簡単に言うと、クレームと言う負の感情の塊を真正面から受け、上司から大したフォローなくけちょんけちょんに言われ、結果自信がボロクソになってしまった私が、FRAMEのスリーブレスの歌詞を見てドチャクソに泣き、SideMにまた人生を救われてしまった、そんなお話。

1・ぶつかり

今の仕事に就いてから一年。コロナ禍を受けて春先はとにかく仕事がなかったが、ようやく最近じわじわと仕事が忙しくなってきた。
これまでは思うように数字を出せていなかったけど、それもちまちまと積めるようになってきた。ほんの少ししか関われないものの、いろんな方の人生の手助けが出来て、つまらない自分でも、少しは力になれているだろうかと思うと、ちょっとだけ自信が持てるようになってきた。

そんな中でクレームを受けてしまった。

色々と原因はあるものの、全面的には私のあらゆる言動が悪いと言わざるを得ないものだった。
勿論、私だけが原因ではないし、色々な事情が絡まって一番残念な形になってしまったのだ。

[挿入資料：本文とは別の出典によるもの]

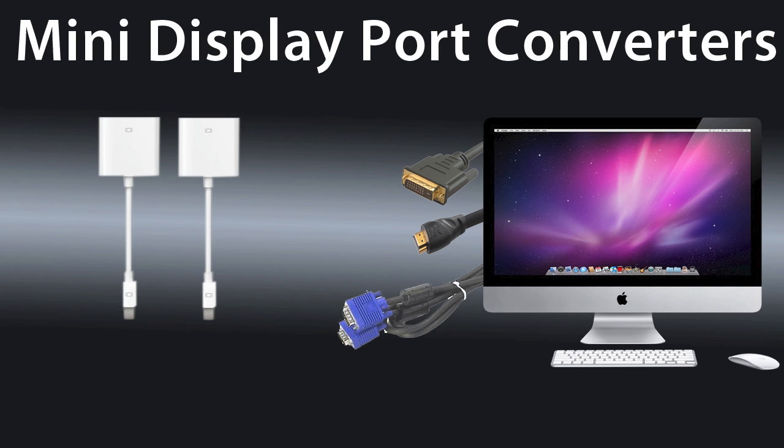As you can see, there are only two converter options on your screen. Apple only sells converters for VGA and DVI. The third option is HDMI, which Apple doesn't sell. Apple does not sell this presumably because HDMI carries sound, but the Mini DisplayPort doesn't. If you want HDMI, you're going to have to buy from a third-party manufacturer, not Apple.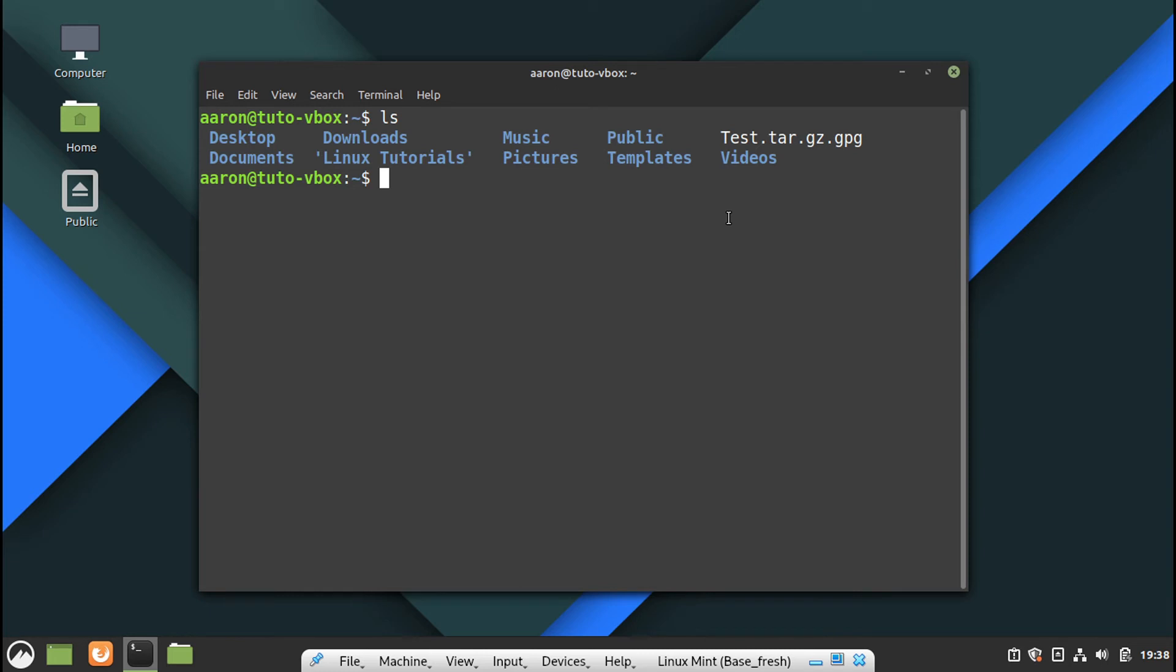When you are going to decrypt, the only way is doing it in reverse mode. It's the only way. So for example.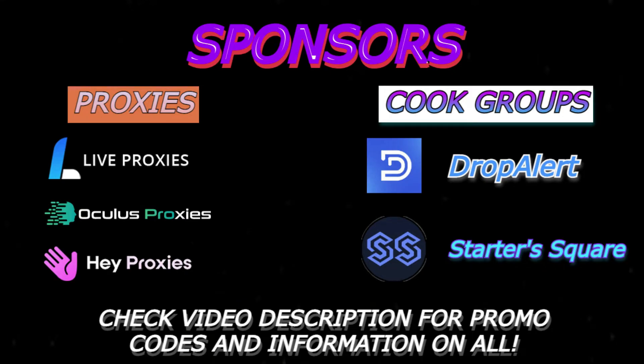If you guys are still looking for proxies to use or a good cook group to be in, here's a few that I'm currently sponsored by. I'm currently sponsored by Live, Oculus, and Hey Proxies. Those have been the three that's been working best for me since I started botting.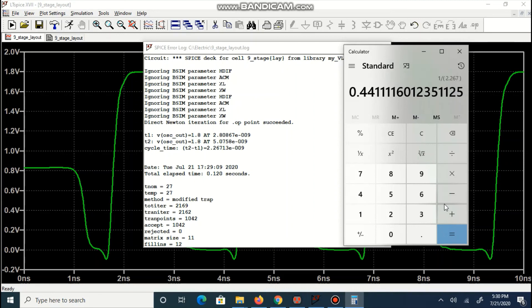You can compare frequency of oscillation for various stages and as per requirement, desired number of stages can be connected.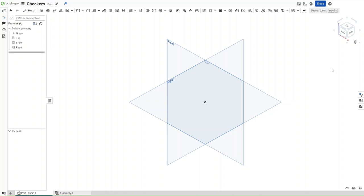Hello guys, this is FusionForge and in this video I'll show you how to make a checkers board in Onshape. So without further ado, let's get started.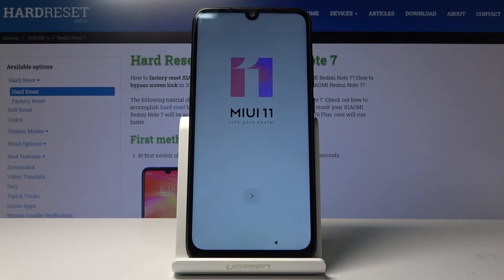Welcome! My name is Xiaomi Redmi Note 7 and today I will show you how to bypass the Google verification screen.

私だって何とかお客様の要望に応えられるよう、かなり食い下がった。
でも結局はだめだった。取引先の決定が全てだった。

だからこそ、結果を出せず、お客様の気分を害してしまったことにひどく落ち込んだし、裏切る形になってしまったことも心苦しく、心から謝罪した。何よりその日一日のお客様の気持ちを著しく損なわせてしまっただろうこと――それを考えると、とにかく辛かった。
更に雇用の心配もあった。今までの人生で一番好きな仕事で、一生懸命やっているつもりだが、残念ながら私は非正規の身分だ。このクレームが大きな問題に発展する可能性もある。そうなると契約更新は無いだろう。
そう考えるととてもではないが明るい気分にはなれず、次の日を迎えるのを恐れた。無心にひたすらモバエムのイベントを走り、UPCのptを積んだ。
深夜三時を迎えそうになっても、眠る気になれなかった。

自信が一気に地に堕ちた。そんな日だった。

2・しつぼう

上司が対応してくれたおかげで、何とか大事にならずには済んだ。
朝のミーティングでは、まあこれを今後に活かせ的な、次からは気をつけよう的な、よくある教育的訓示で終わったけど、その時の私が欲しい言葉ではなかった。

大雑把に言うと、「パニックになっていた私への配慮」と言うものが何一つなかったのだ。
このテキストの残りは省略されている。